I've thought about this issue before and I think there are basically
two solutions (apart from the zeroth solution of just dealing with
it). One, somewhat tricky, would be implement some kind of data
structure contains a mixture of strings and dom nodes and works with
RE. It's not impossible, and I got half-way there implementing it in
2006, but then didn't have time to finish. What I tried at the time
was storing a sting which uses a special Unicode character to mark the
positions where the nodes are supposed to be included. I.e., if "⊙"
is the special character, we could store something like:
["A **⊙** currently does not work.", <link>]
This would allow us to run REs (if we are careful) and still get the
dom tree in the end.
Another possibility is to only use dom trees for high-level elements
(lists, code blocks, quotes, etc), and do reduce inline patterns to
simple REs (each run on one element of the larger tree at a time).
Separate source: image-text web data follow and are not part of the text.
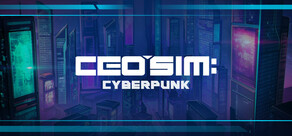 CEO Sim: Cyberpunk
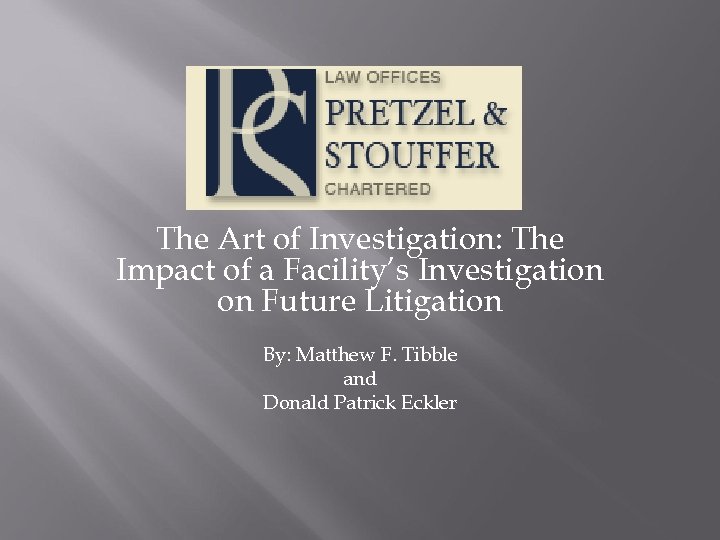 The Art of Investigation: The Impact of a Facility’s Investigation on Future Litigation By:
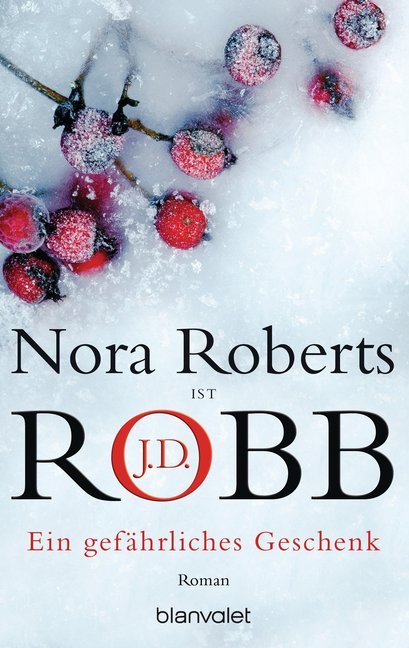 Ein gefährliches Geschenk (J. D. Robb)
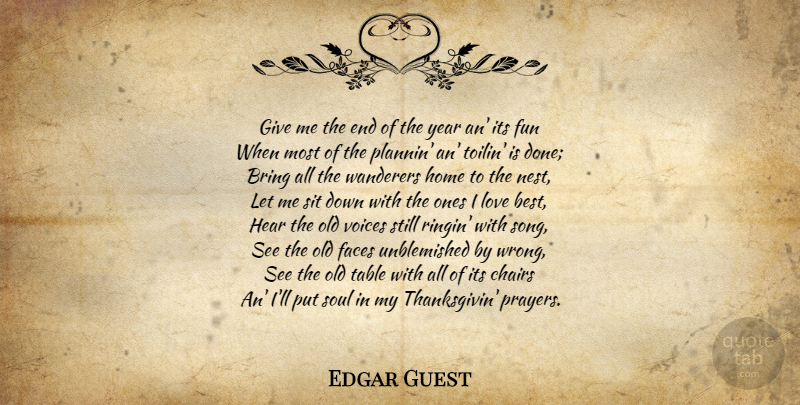 Edgar Guest Quote About Song, Prayer, Fun: Give Me The End Of...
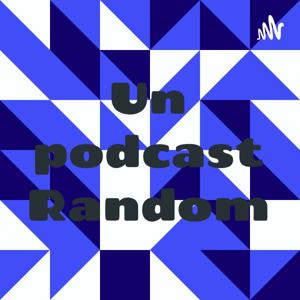 Un podcast Random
The second solution would break some old extensions, but I think it's
overall simpler and better. To give credit where credit is due, this
is basically Ben Wilson's suggestion from last summer:
https://sourceforge.net/mailarchive/forum.php?thread_name=cc6097050704100456x4daa81f0i9ca0137b6c484ba4%40mail.gmail.com&forum_name=python-markdown-discuss
I don't have time at the moment for such a major overhaul (this would
basically be Python-Markdown 2.0), but if someone else does then I
think this is the way to go. I am also pretty sure that this would
give us a sizeable performance boost.
- yuri
|